• [HOW TO COMPLETE THIS TASK] All of the entries below should be printed exactly; the pictures are to be left out.

--

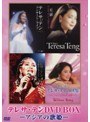 テレサ・テンDVD-BOX -アジアの歌姫-/テレサ・テン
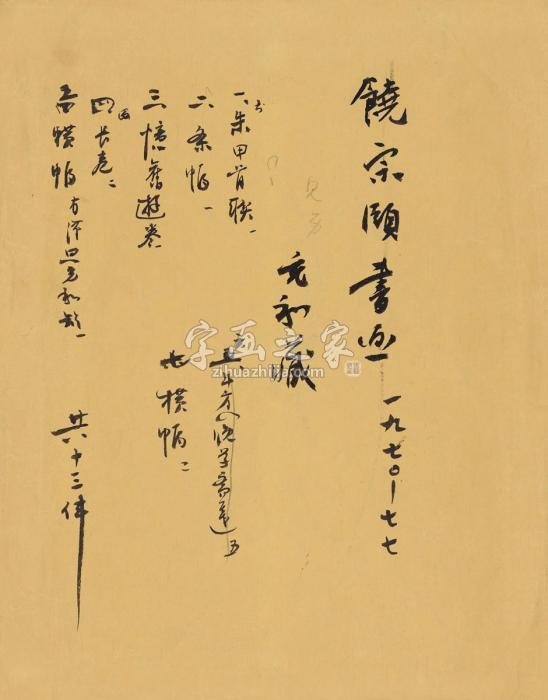 张充和书自藏饶宗颐书画目镜片纸本字画之家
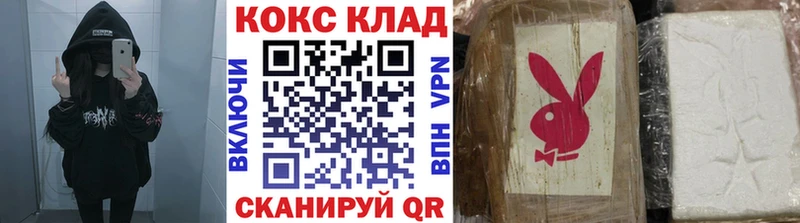 Купить закладку Урус-Мартан Гашиш  Канабис  А ПВП  Мефедрон 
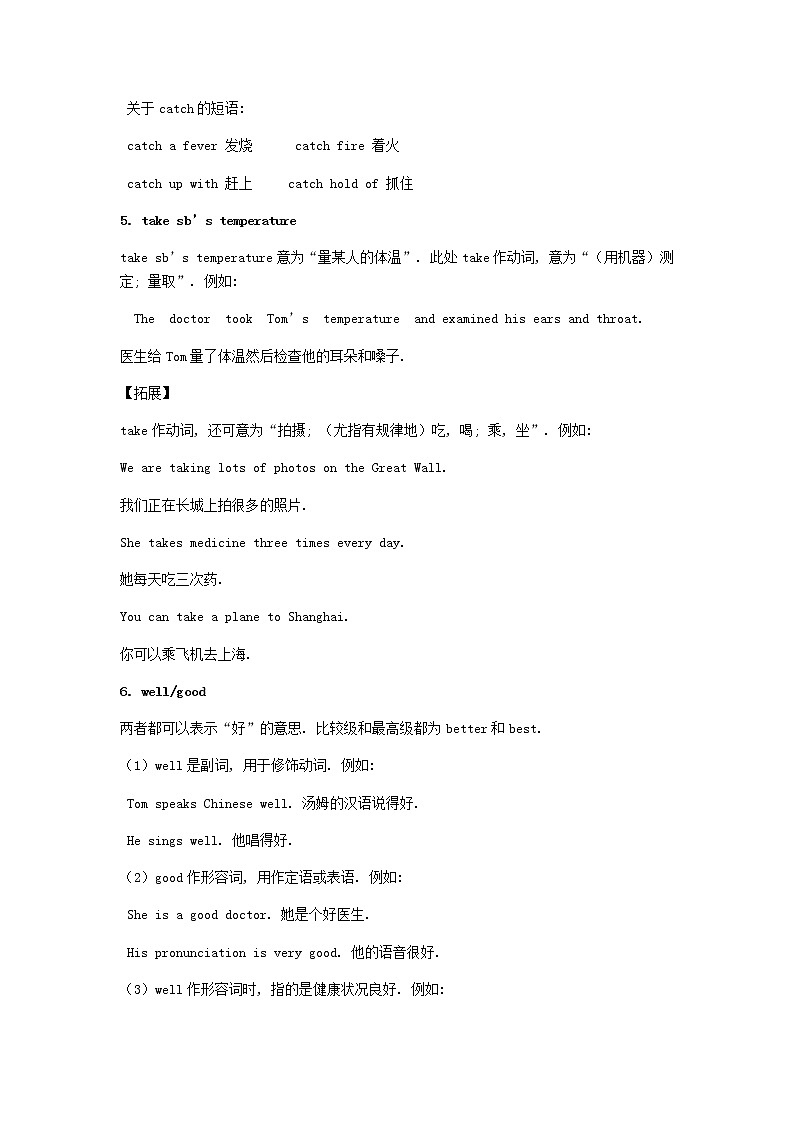 外研版八年级英语下册模块专练Module 4 Seeing the doctor精讲精练含答案03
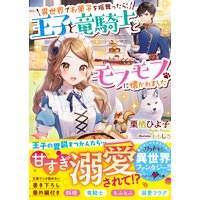 異世界でお菓子を振舞ったら、王子と竜騎士とモフモフに懐かれました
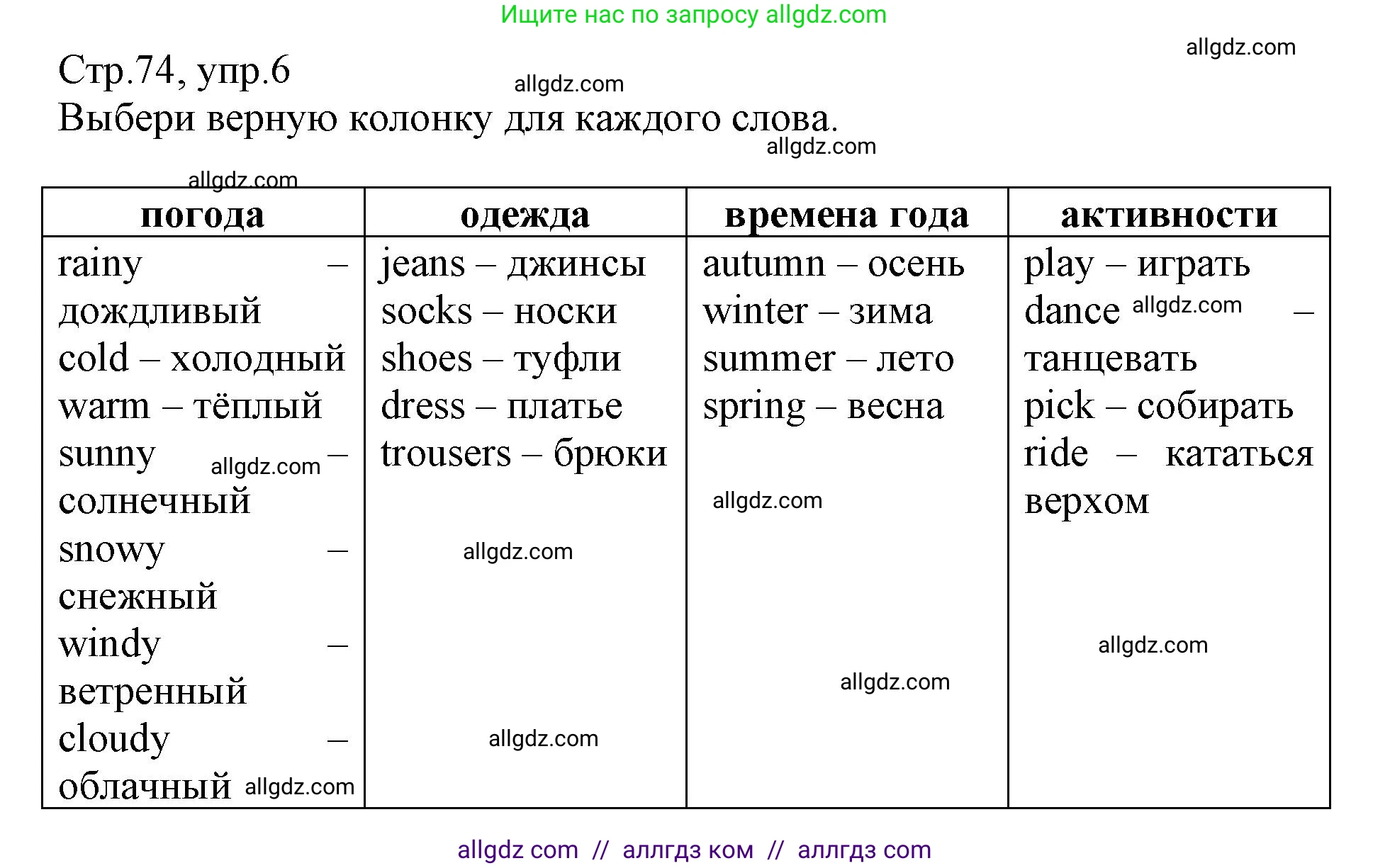 Английский язык (english), 3 класс Сборник упражнений, автор: Котова Марина Петровна, издательство Просвещение, Москва, 2024, белого цвета, страница 74, номер 6, Решение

--

• [SOLUTION TO THE EXERCISE]
 テレサ・テンDVD-BOX -アジアの歌姫-/テレサ・テン
 张充和书自藏饶宗颐书画目镜片纸本字画之家
 Купить закладку Урус-Мартан Гашиш  Канабис  А ПВП  Мефедрон 
 外研版八年级英语下册模块专练Module 4 Seeing the doctor精讲精练含答案03
 異世界でお菓子を振舞ったら、王子と竜騎士とモフモフに懐かれました
 Английский язык (english), 3 класс Сборник упражнений, автор: Котова Марина Петровна, издательство Просвещение, Москва, 2024, белого цвета, страница 74, номер 6, Решение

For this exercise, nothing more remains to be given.